**How to complete this task:** A faithful copy is needed of the lines below from the one with "Fd - Ficção E Mistério" up to and including the one with "One More Time"; set it down with no pictures and no other lines.

**Task input:**
:::::

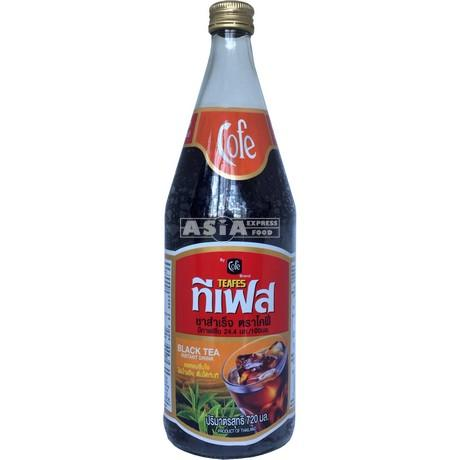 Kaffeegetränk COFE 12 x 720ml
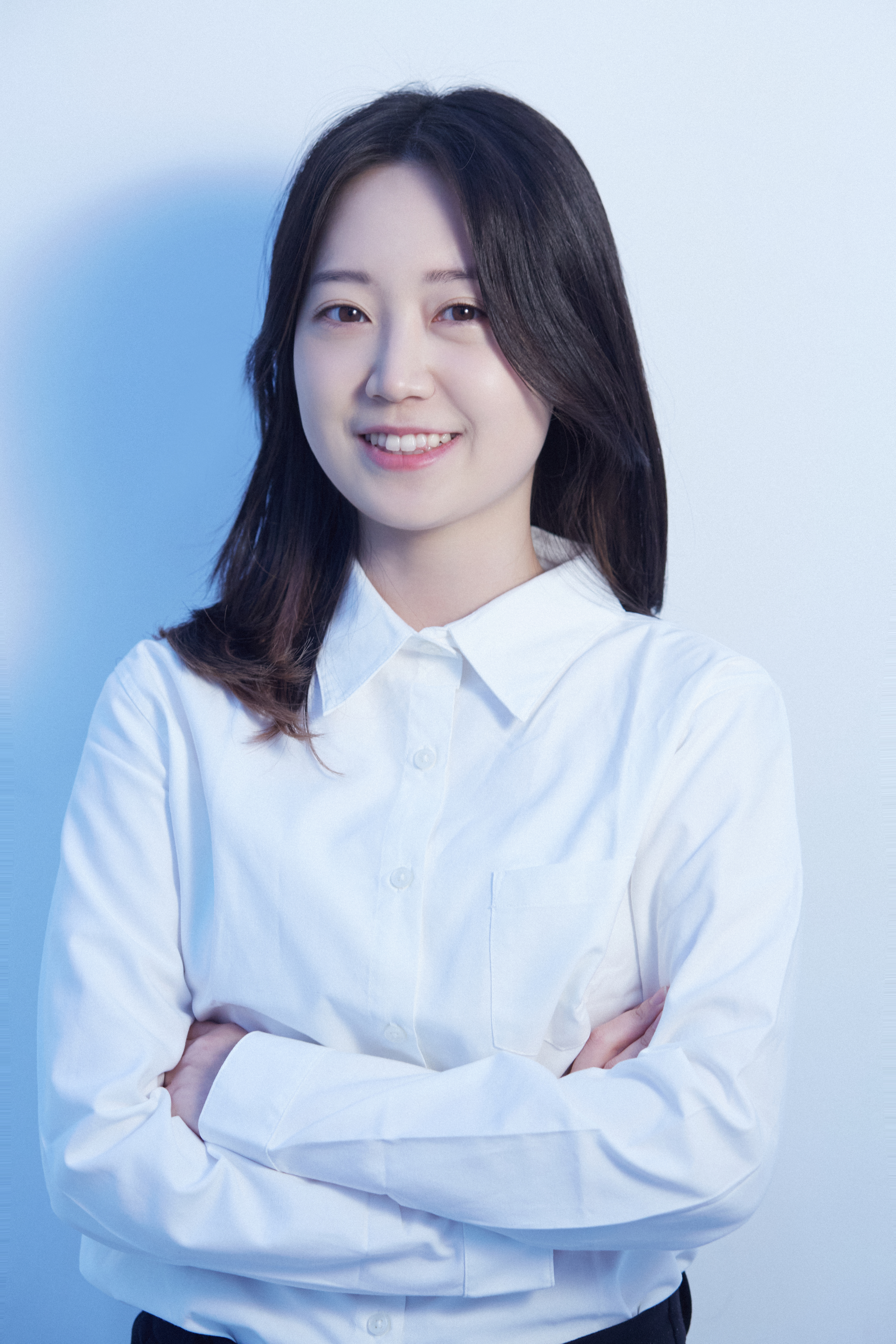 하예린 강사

:::::

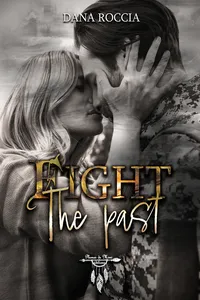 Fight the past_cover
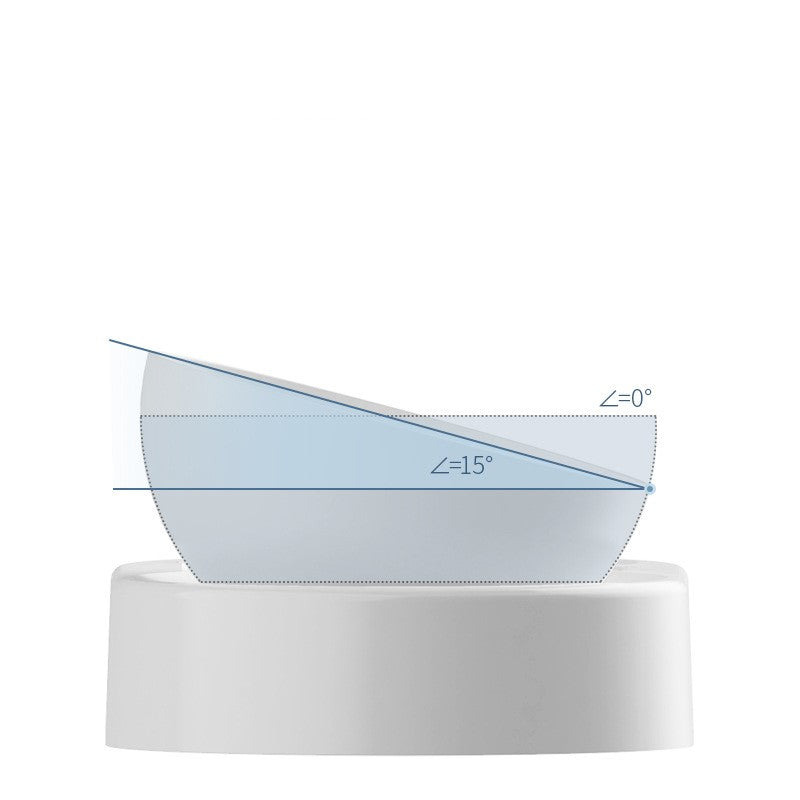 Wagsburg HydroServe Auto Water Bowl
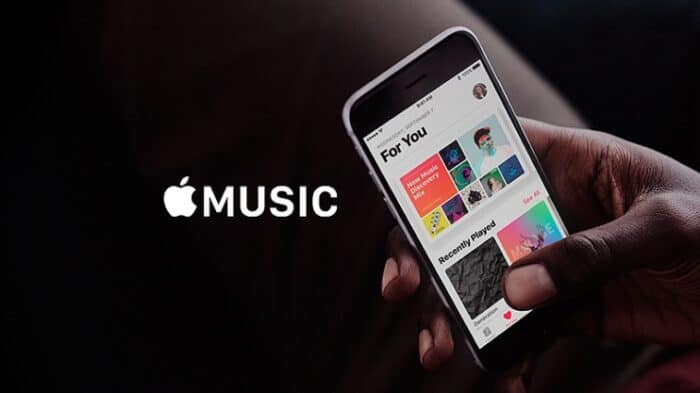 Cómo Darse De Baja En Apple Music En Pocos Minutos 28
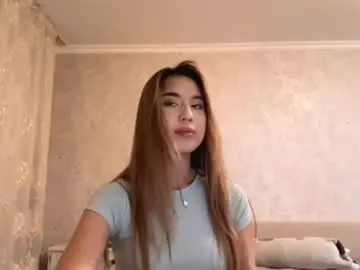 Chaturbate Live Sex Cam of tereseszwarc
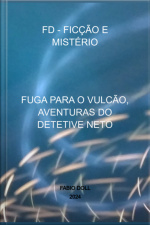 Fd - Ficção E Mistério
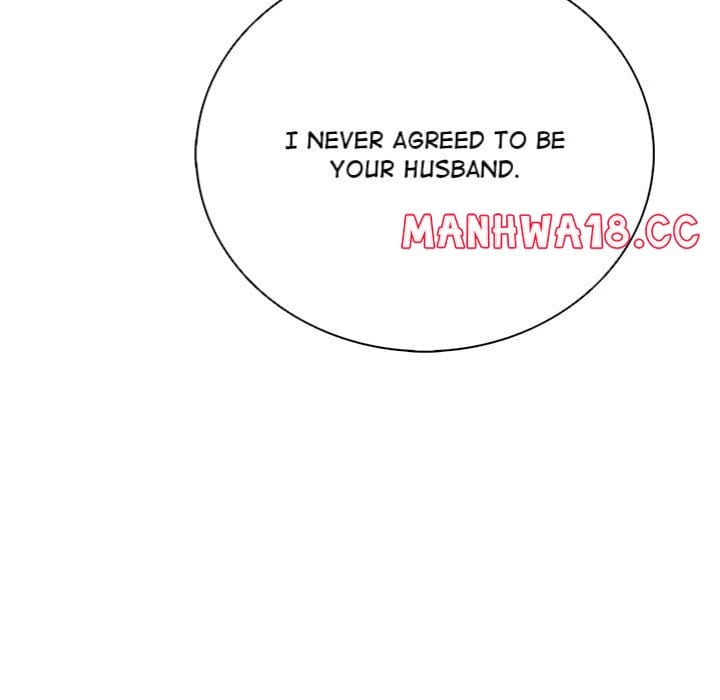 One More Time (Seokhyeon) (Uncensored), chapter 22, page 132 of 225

:::::

**Solved exercise:**
 Fd - Ficção E Mistério
 One More Time (Seokhyeon) (Uncensored), chapter 22, page 132 of 225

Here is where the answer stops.